As India’s second largest software services company, Infosys, completed its 25 years of listing on Thursday, Ramesh Damani, Member, BSE, said company’s listing is one of the extraordinary moments in corporate India.
Speaking to CNBC_TV18, Damani said Infosys is what Ford was to America in early 1920’s or what Google and Apple have been.
He said Infosys’ listing is a seminal moment in Indian equity market, “If you connect two events that happened in our lifetime – the fall of the Berlin Wall and for Dalal Street, the listing of Infosys, you may not find much similarities but if you connect the two, one led to the other.”
I think once Infosys got listed, it created cult of investors but it created so much more. Infosys made tech people and Indians proud, Damani said.
When asked if Infosys was past its prime, Damani said it would be an unfair criticism against Infosys as it has given a compound annual growth rate (CAGR) of 36%.
Giving example of Philip Morris, one of the great stocks in America, over a 98-100 year period, the company has grown 2 million fold but the CAGR is only 16%. So clearly, Infosys can’t grow at 35% year on out but even if it grows at 15-16%, it would have delivered stunning value for shareholders as it has done for the last 25 years.
There are challenges that all great companies face, he said, adding that they have to reinvent themselves in the light of office automation, artificial intelligence, block chain technologies and Indian companies have been a bit slow to adopt all these technologies.
Damani was happy with the return of co-founder Nandan Nilekani to the company as he lives, breathes Infosys.
When asked which company would be the next big innovator, he said there is no doubt that Indian companies have taken a backseat compared to China with regards to new technologies like facial recognition, automation, transportation, drone technology etc, in spite our country having a 25 years of lead in the services market.
However, Damani expect that a company like Alibaba will emerge, who captures the imagination of hi-tech intellectual property oriented market.
The Indian information technology companies like TCS, Wipro, Infosys have created lot of wealth, employment and have brought honour to India.

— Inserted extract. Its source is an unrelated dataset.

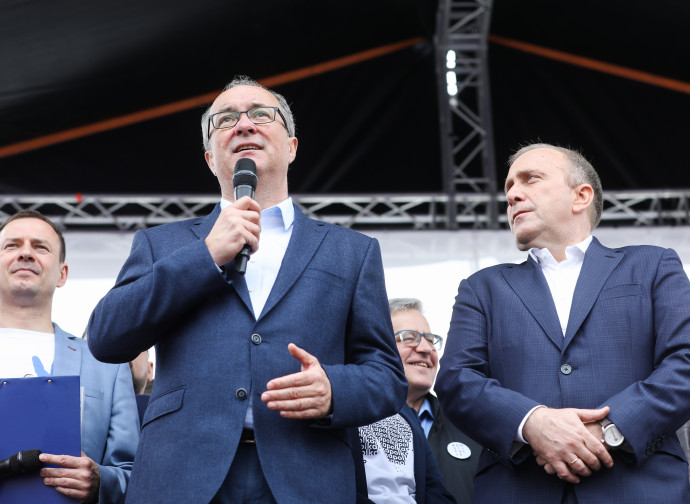 Włodzimierz Czarzasty (al centro)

They have put India Inc on the map with every Fortune 500 company now having a head office in Bengaluru, said Damani.
However, it’s time that Indian software firms should reinvent themselves, but let us not detract from the enormous honour they have brought to the capital market and to our country by the yeoman contribution over the last 25 years.
Talking on the market, he said, bull markets don’t die when great companies are making new highs. There could have been a regression to the mean or weeding out process in the midcap space, which is not bad.
In spite of oil being at high level and globally people moving back to developed markets from emerging markets, India continues to occupy a special place because it’s one economy that can produce 6-7% growth rate, he said.
“I see no reason to be pessimistic over the next two years about Indian equity markets, notwithstanding we are facing general elections. Elections come and go,” he added.
The pessimists are giving short-shift to the resilience that Indian market has shown and investors will come back and reinvest in Indian market because they have understood the value of investing in sound business, said Damani.